To get it, many lenders are taking the extraordinary step of preventing some people from selling their homes or refinancing their mortgages unless they pay off all or part of their home equity loans first. In the past, when home prices were not falling, lenders did not resort to these measures.

Such tactics are impeding efforts by policy makers to help struggling homeowners get easier terms on their mortgages and stem the rising tide of foreclosures. But at a time when each day seems to bring more bad news for the financial industry, lenders defend the hard-nosed maneuvers as a way to keep their own losses from deepening.

6) The candidates have all made major economic speeches in the last few days. Obama is here. Clinton is here. McCain is here. As masaccio has pointed out, McCain is, of course, a blithering idiot. I will leave it to you all to discuss the rest. Again, this is NOT a forum for engaging in the battle of the candidates between Obama and Clinton. Don’t violate the spirit of EW’s rules she left us with; it would make her sad on her birthday!

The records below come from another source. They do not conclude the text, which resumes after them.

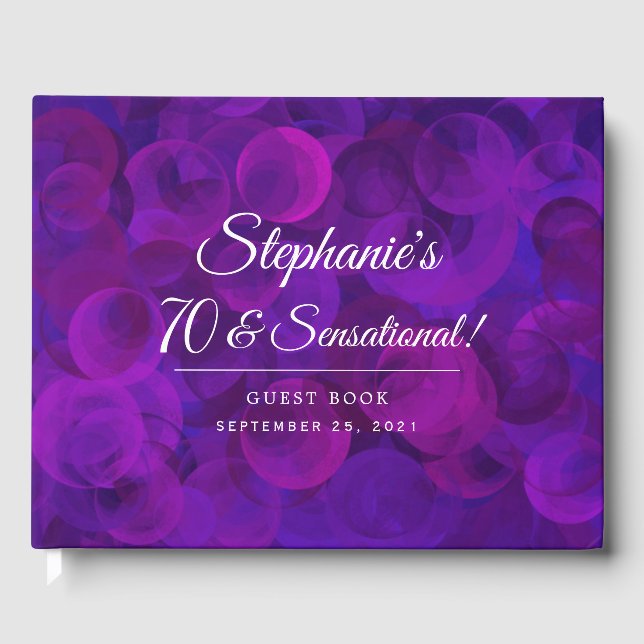 Elegant Purple 70 & Sensational Birthday Party Guest Book (Front)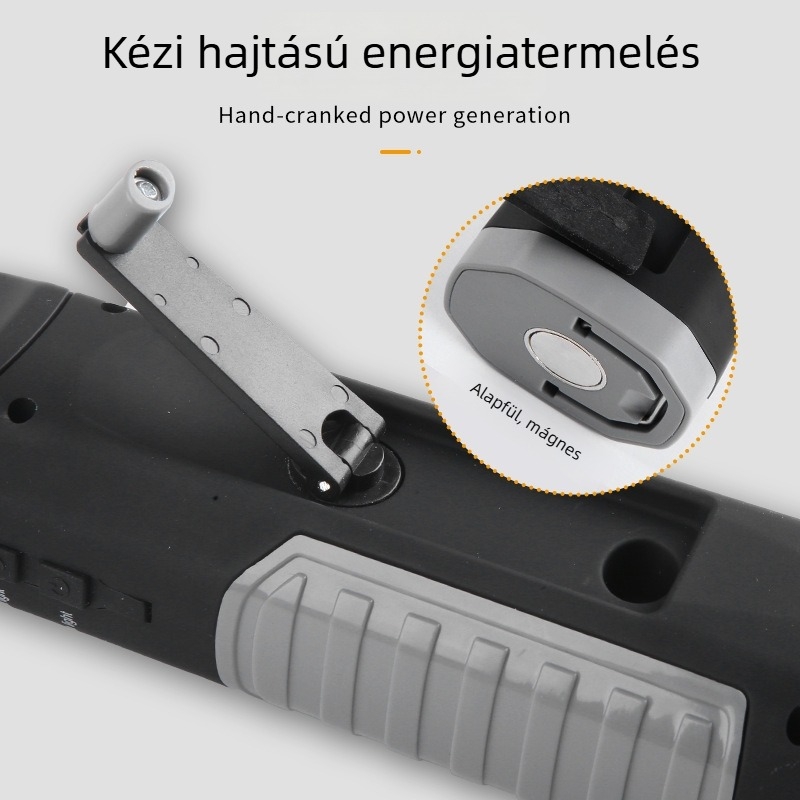 Kézi hajtású munkalámpa, mágneses rögzítés, LED, 1200mAh, 500 m+ fényhatótávolság
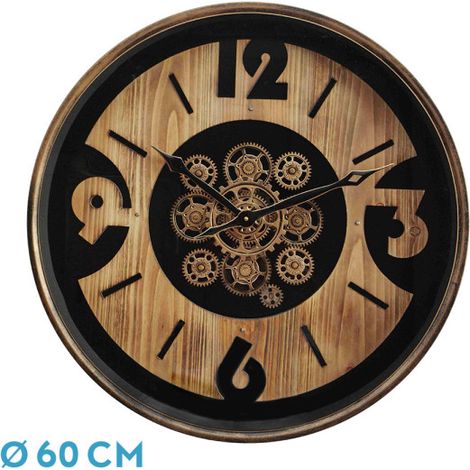 ALMANZORA orologio da parete faggio nero oro 60x60x8 cm ingranaggi con movimento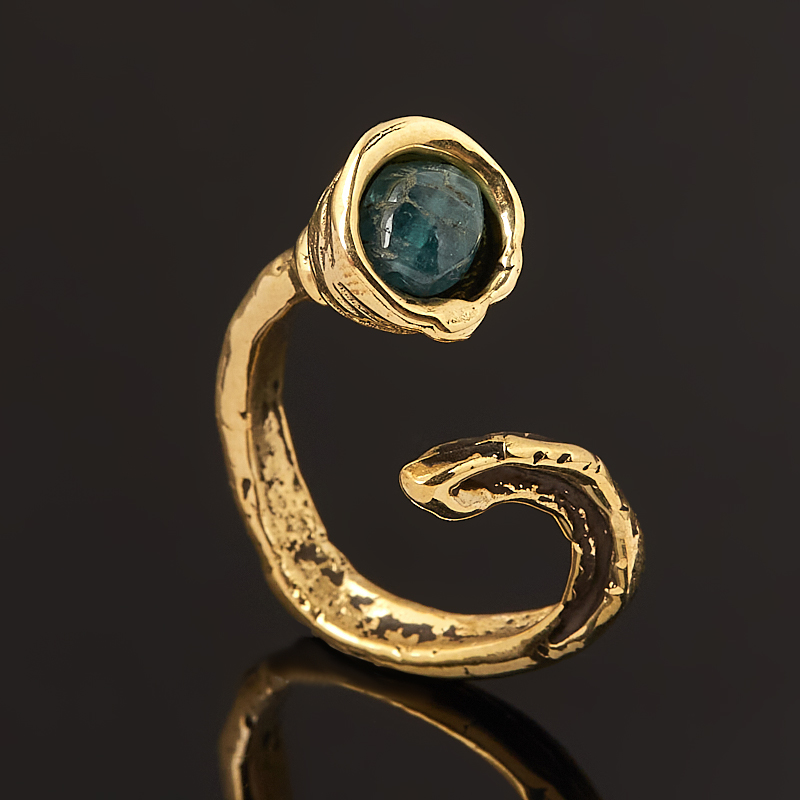 Кольцо турмалин голубой (индиголит) Бразилия (бронза) (регулируемый) размер 14,5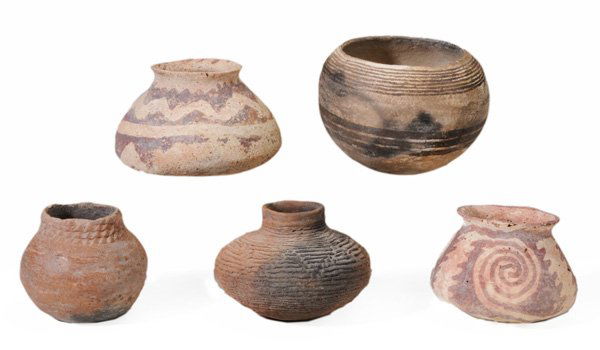 Five Prehistoric Decorated Pots: all probably Southwestern, some likely Hohokam, circa 900-1200 A.D.; two with purple geometric painted decoration; one with sticker on bottom "Hohokam jar circa 900-1200AD"; one low form with allover
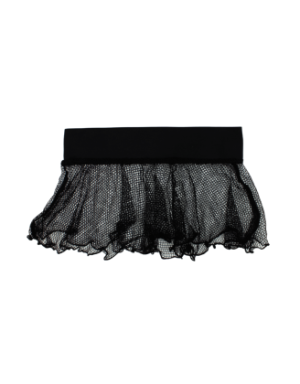 Mini jupe noire en résille large transparente Sofia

Anything else you all have on the finance/economic front, have at it.

UPDATE: I knew this whole Bear Stearns, slam it through on the weekend, thing looked like like a craven power play of the entitled set, and that was really my question in the Sometimes You Eat The Bear, and Sometimes The Bear Eats You post. Guess what, I may (still even odds though) not be quite as stupid as I appear! This just hit the New York Times:

The Bush administration will propose on Monday that Congress give the Federal Reserve broad authority to oversee financial market stability, in effect allowing it to send SWAT teams into any corner of the industry or any institution that might pose a risk to the overall system.

The proposal is part of a sweeping blueprint to overhaul the country’s hodge-podge of regulatory agencies, which many specialists say failed to recognize rampant excesses in mortgage lending until after they triggered what is now the worst financial calamity in decades.

According to a summary provided by the administration, the plan would consolidate what is now an alphabet soup of banking and securities regulators into a trio of overseers responsible for everything from banks and brokerage firms to hedge funds and private equity firms.

While the plan could expose Wall Street investment banks and hedge funds to greater scrutiny, it avoids a call for tighter regulation. The plan would not rein in practices that have been implicated in the housing and mortgage meltdown, like packaging risky subprime loans into securities carrying AAA ratings.

Well, what do you know? They are not only not going to clamp down on derivitives and the other Enron like aspects that have caused this mess, they are going to consolidate regulatory agencies (read see to it that there are a lot less). Wonderful; do we get a huge corporate tax cut with that I suppose?